Your goal — Give the data below again exactly as written, but without the pictures.

─── Given information ───

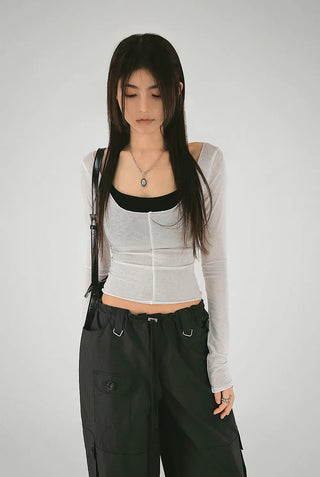 Tension cut deep U-neck long-sleeved T-shirt, halter neck cap sleeve top layered set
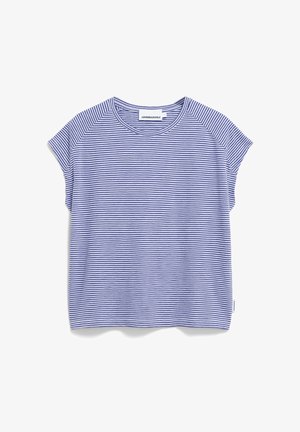 Gestreiftes Rundhals-T-Shirt in Blau und Weiß. Kurze Ärmel, weicher Stoff, lässige Passform, mit einem Etikett an der linken Seitennaht.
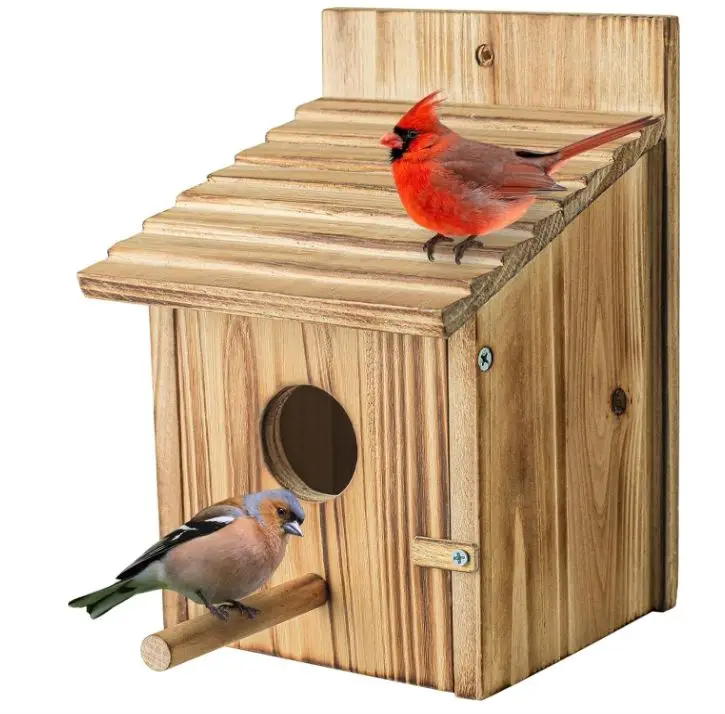 Cross border Wooden Birdcage Birdhouse Hanging Nest Ornament Pet Supplies Wooden Breeding Box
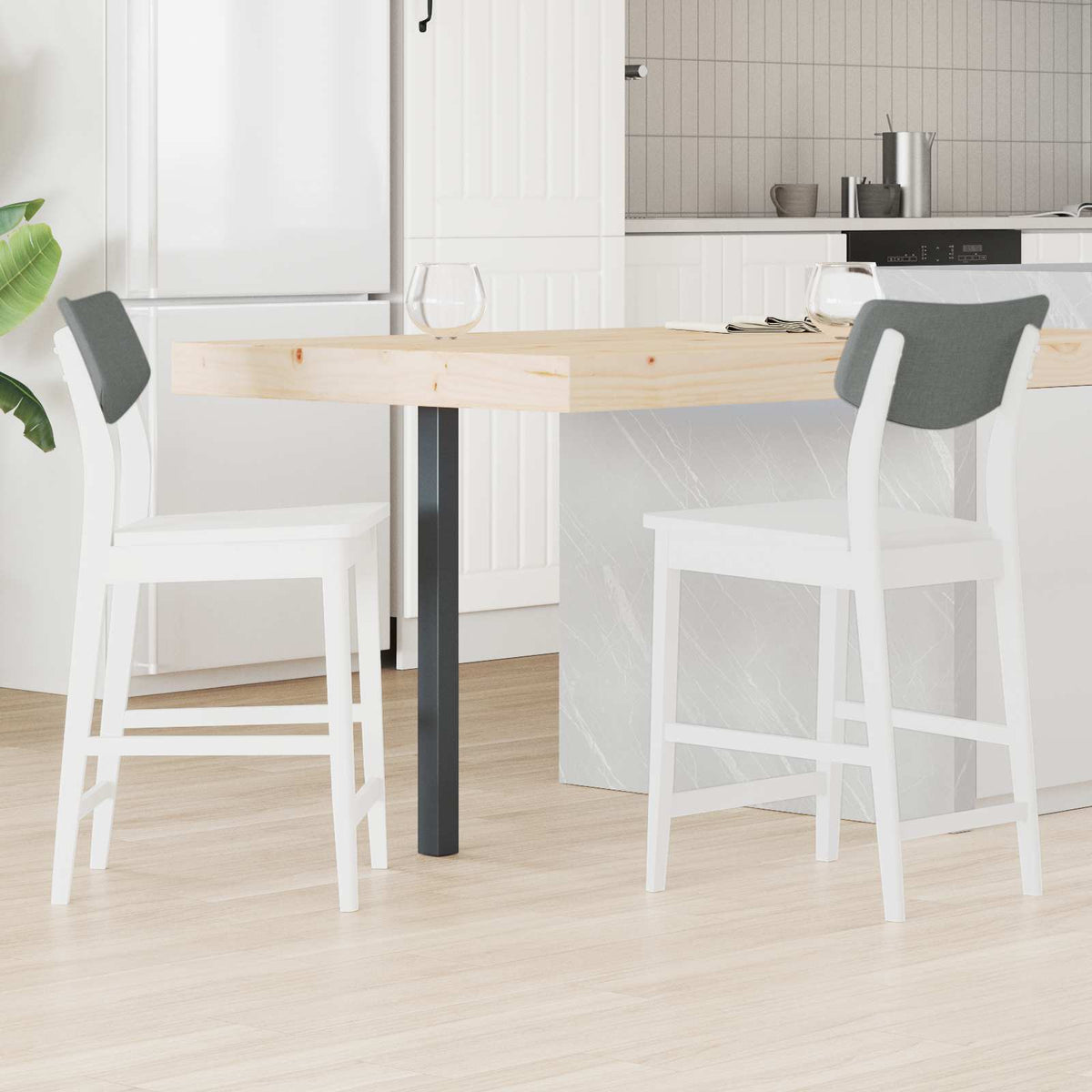 Sillas De Comedor 2 Uds. Madera De Caucho Sólido Natural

───

Output of the task —
 Tension cut deep U-neck long-sleeved T-shirt, halter neck cap sleeve top layered set
 Gestreiftes Rundhals-T-Shirt in Blau und Weiß. Kurze Ärmel, weicher Stoff, lässige Passform, mit einem Etikett an der linken Seitennaht.
 Cross border Wooden Birdcage Birdhouse Hanging Nest Ornament Pet Supplies Wooden Breeding Box
 Sillas De Comedor 2 Uds. Madera De Caucho Sólido Natural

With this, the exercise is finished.